Not long ago, I posted about the “Spiritual But Not Religious,” or SBNR’s, the crowd of folks in America who believe in God, pray, and may even read the Bible, but don’t want anything to do with organized religion. Somewhere between 14 and 18% of Americans currently fall into the category of “unaffiliated.” That is, they choose not to identify with any particular religious body.
The growing phenomenon of the SBNR’s is the subject of a lot of scholarly discussion about the state of religion in America. Two recent books, one by New York Times columnist Ross Douthat and another by religious commentator Diana Butler Bass, have advanced this discussion significantly. Both Bass and Douthat are dependent on the findings recorded in American Grace: How Religion Divides and Unites Us by Robert Putnam and David Campbell. (I wrote about this important work soon after its publication in a post called “The Fascination and Frustration of American Religion.” I suspect Putnam and Campbell’s research will continue to be foundational to any serious discussion of American religion for the next few decades.)
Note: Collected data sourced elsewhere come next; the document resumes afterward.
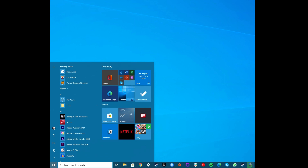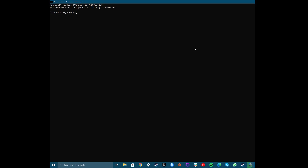Flush your DNS. This fix involves using the command prompt. Type CMD into the search bar, then right-click on Command Prompt and run as administrator. Now enter ipconfig /flushdns to refresh and reset your computer's DNS settings, and then restart your PC to check if the internet connection is back.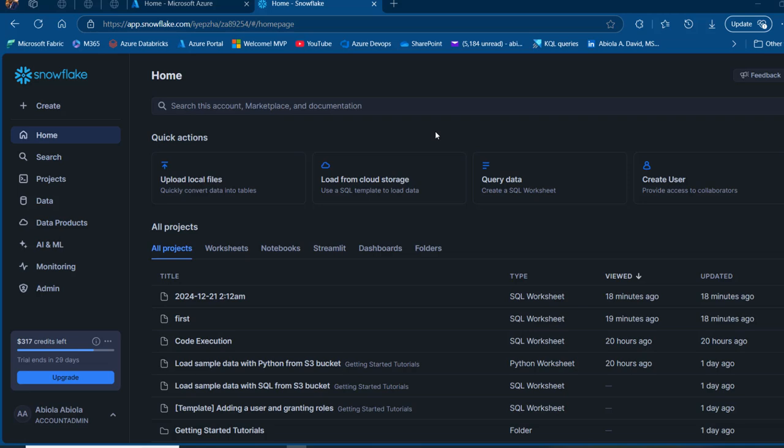As data engineers, leveraging Apache Iceberg in Snowflake Data Platform allows you to efficiently manage large-scale data analytics with high performance and open table formats. The integration of Iceberg in Snowflake enhances query performance, supports complex data types, and enables time travel queries for accessing historical data seamlessly. In this video, I'm going to walk you through how to create an Apache Iceberg table in Snowflake, including configuring and authorizing an external volume to a storage account.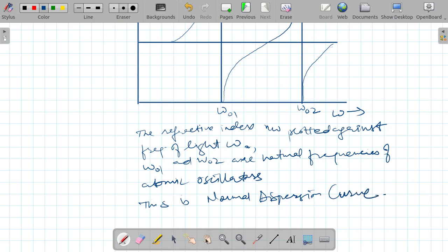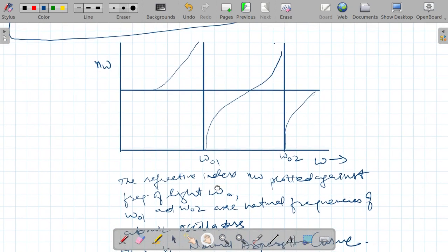So with this, I have derived Koch's dispersion relation and briefly talked about normal dispersion. Thanks for watching this video.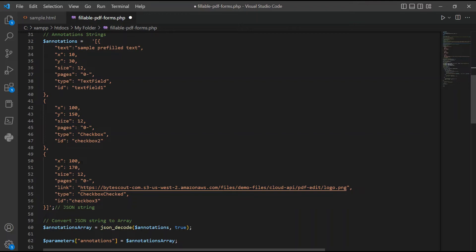In line 50 and 51, enter the coordinates of X and Y for the second checkbox. For line 52, add the size of the second checkbox.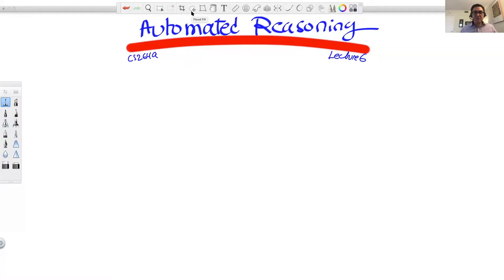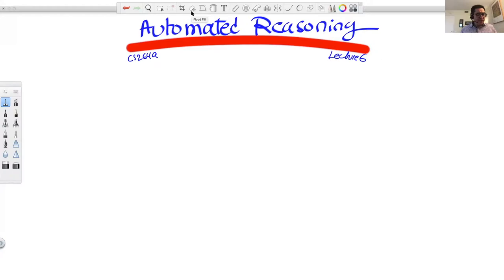Welcome everyone to CS264A, Automated Reasoning, and this is our Lecture 6. What we'll do today is finish what we need to say about Chapter 4, and that would be a discussion of the subject of maximum satisfiability, or max SAT. This is an optimization version of satisfiability that has quite a bit of practical applications. And then we will transition into the second part of the foundations in this course, which relates to tractable circuits and knowledge compilation.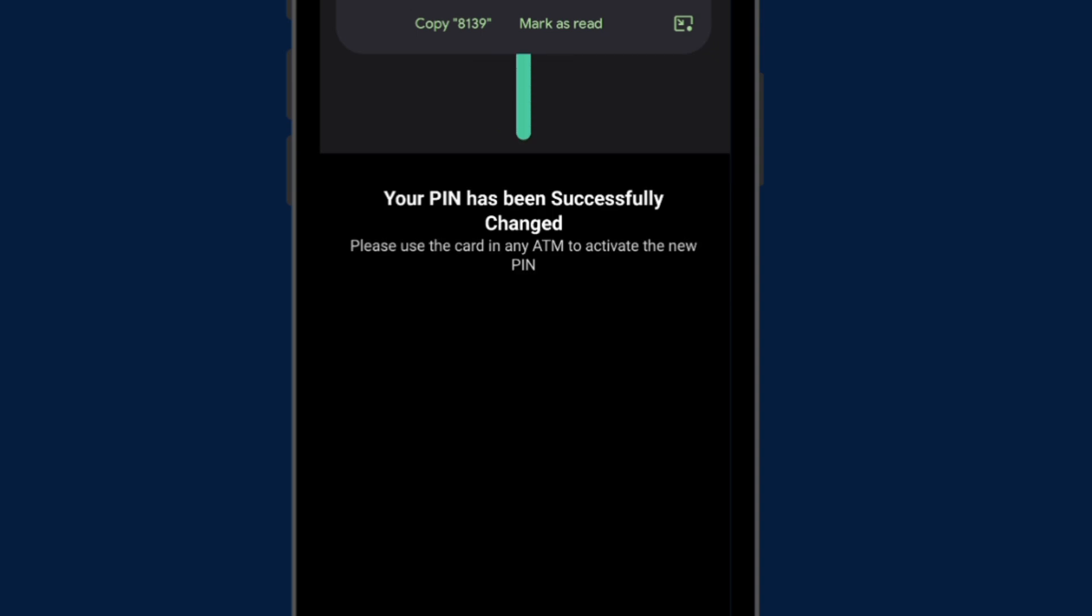Your PIN has been successfully changed. Make sure you use the ATM card in any ATM machine to activate the new PIN.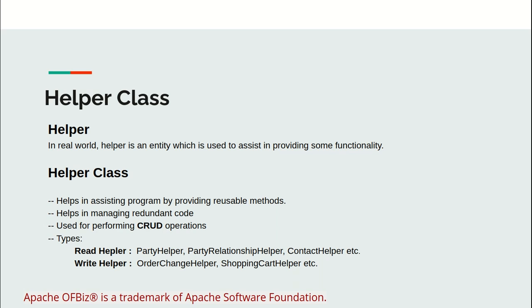There are two types of helper class. Read helper reads or prepares data for UI or other objects. PartyHelper, PartyRelationshipHelper, and ContactHelper are some examples of read helper class.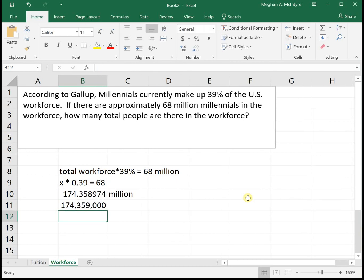And so of the approximately one hundred seventy-four million total people in the workforce, we have sixty-eight million that are Millennials, which is thirty-nine percent.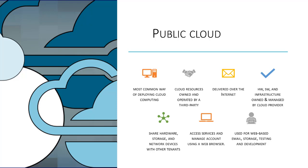In addition, when using a public cloud, your organization shares the same hardware, storage, and network devices with other tenants. Access to these resources is provided via a web browser.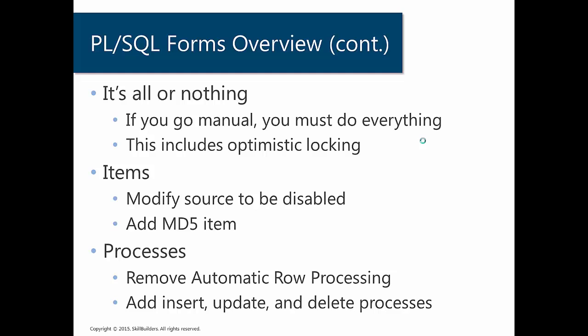So what do we have to do as part of our conversion? Well, we need to modify a couple of different things. We need to modify items and processes. So the first thing is we want to modify our items so that they are no longer tied to the database columns. And we're also going to add an MD5 item. This item is going to facilitate our optimistic locking.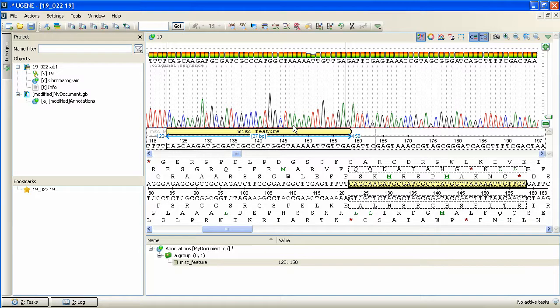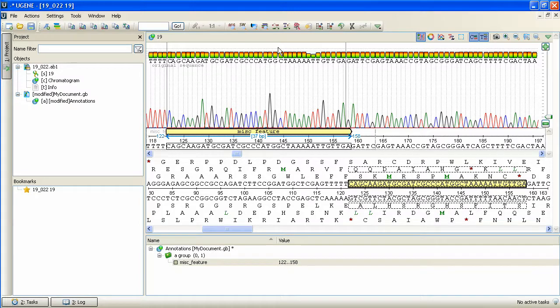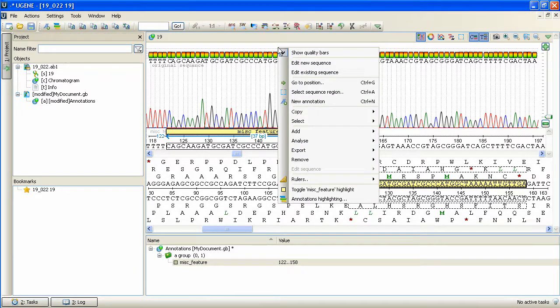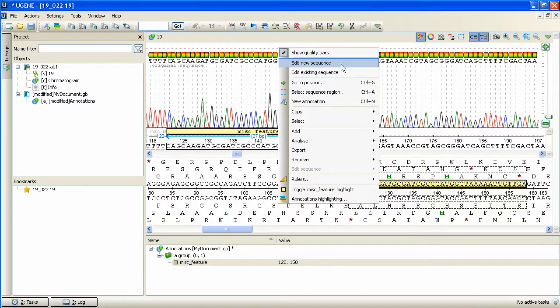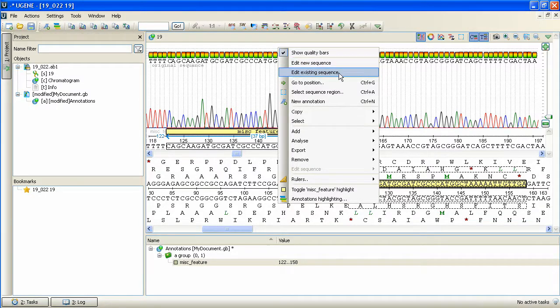It is possible in Eugene to create a copy of the current sequence and then edit it being guided by the chromatogram. To do so, we right-click at the chromatogram view to bring up the context menu, and then select Edit New Sequence. As we see, it is also possible to edit the existing sequence.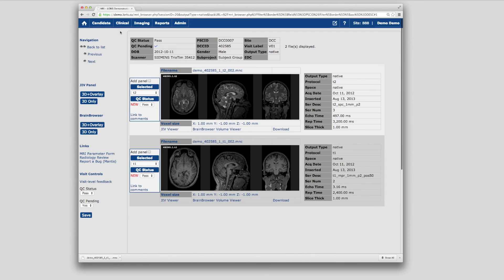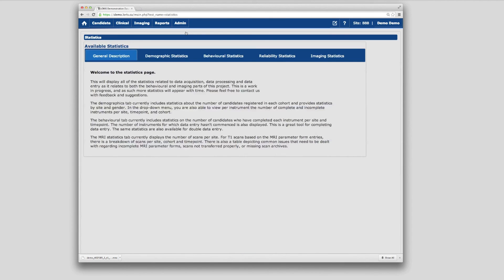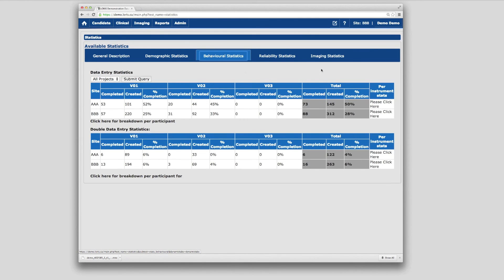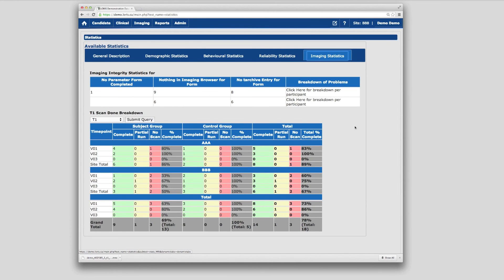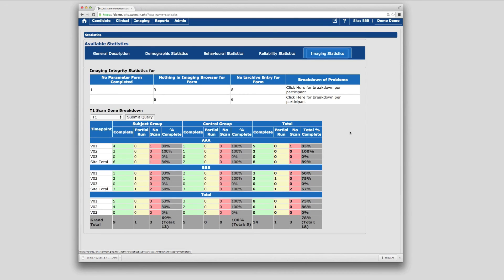LORUS has many project management tools for at-a-glance status reporting and monitoring the flow of data in your study. One of the key tools for tracking the progress of imaging data acquisition is the imaging statistics page within the database statistics module, located under the Reports menu. Various statistics sub-modules exist for demographic, behavioral, and other categories of data. The imaging statistics tab gives a bird's-eye view of how many scans were collected, loaded into LORUS, and passed QC — important for rapid identification of any missing or poor quality data sets.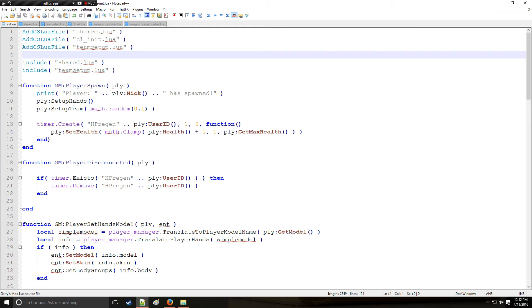Holy Wire Mod here, and this is going to be tutorial 13b in the Lewis series where we're going to continue with VGUI elements and we're going to be covering panels, buttons, and parenting.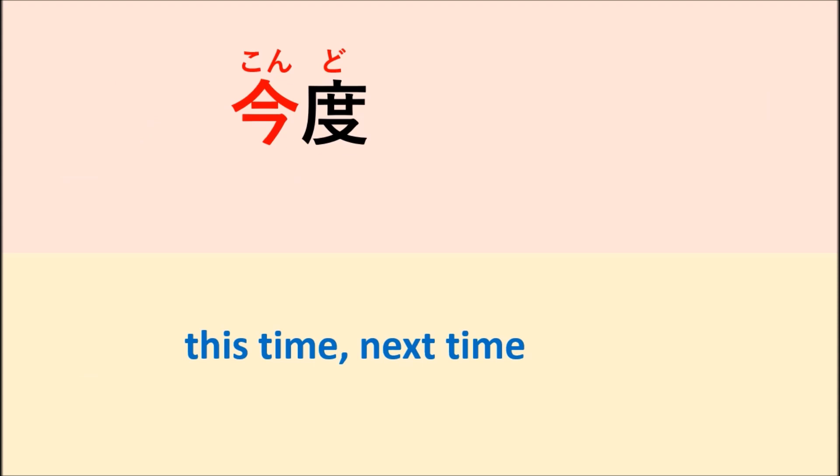Do means the time. For example, do means the number of times, right? So if you say kondo, it means the next time.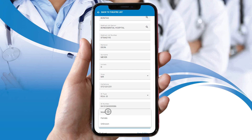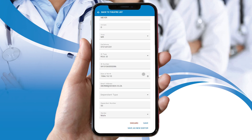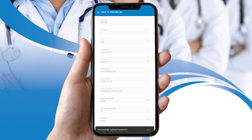If a new patient scheduled for an operation is also the main member or debtor in the patient file, you can tap on the copy data button to replicate the fields. If you've scheduled a patient who is not yet on the system, you can save the patient by tapping on the save as new data button. When you are satisfied with the information entered, tap the save button. A notification will appear to advise the practitioner that the operation has successfully been created.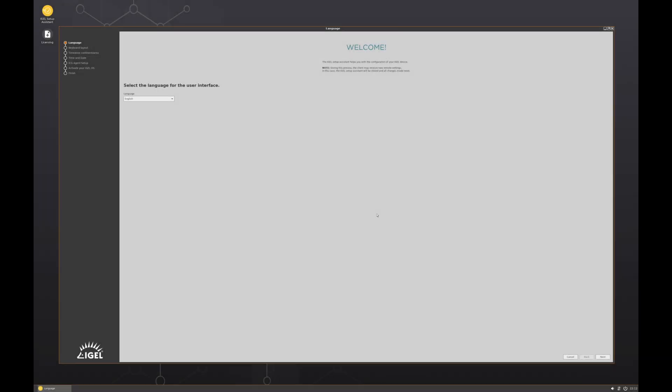As you can see, now we're running within iGel OS and you're greeted by the welcome wizard. In the next video, we'll talk about how to take this welcome wizard and connect it into your infrastructure.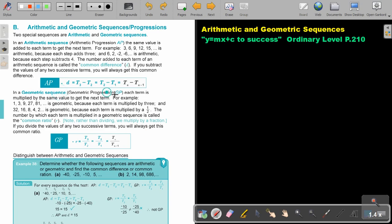In a geometric sequence, or GP, each term is multiplied by the same value to get the next term. For example, 1, 3, 9, 27, 81 is geometric because each term is multiplied by 3. And 32, 16, 8, 4, 2 is geometric because each term is multiplied by a half, or divided by 2. The number by which each term is multiplied in a geometric sequence is called the common ratio. Note: rather than dividing, we multiply by a fraction.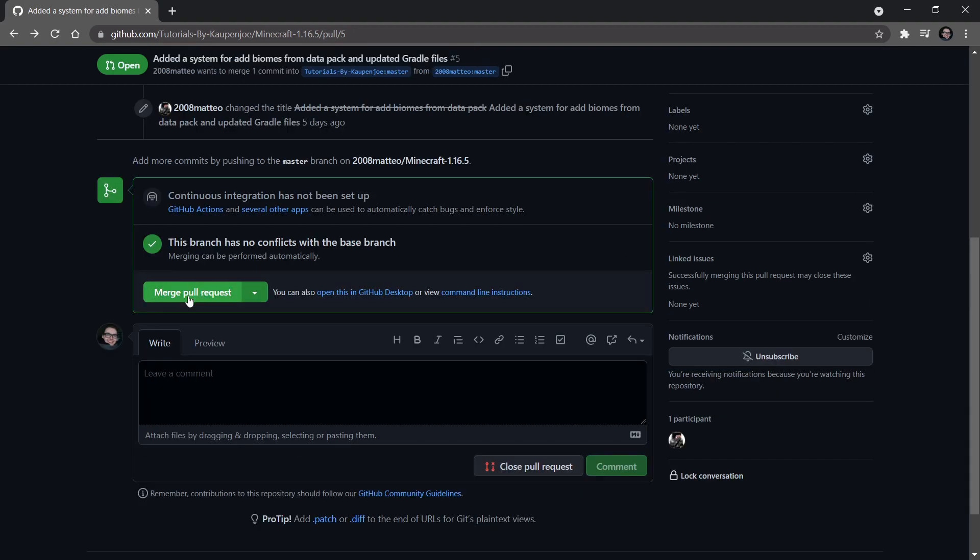So what I'm going to say is merge pull request and put this here in, that's fine. And I'm going to confirm the merge.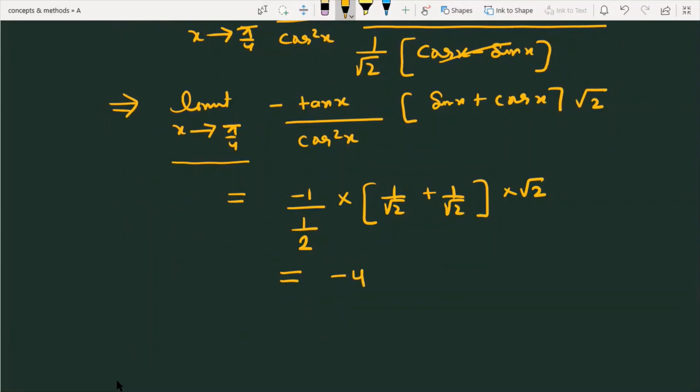So the limit of the given function is minus 4. I hope you liked this video. Thanks for watching.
Douthat is a traditional Catholic who laments the loss of Christian orthodoxy in America. In Bad Religion: How We Became a Nation of Heretics, he writes almost wistfully about the great Protestant-Catholic consensus of the 1950’s that not only resulted in a religious revival but also pushed forward significant social policy, most notably the Civil Rights movement. Beginning in the late 1960’s, however, the mainline Protestant churches suffered huge losses in membership.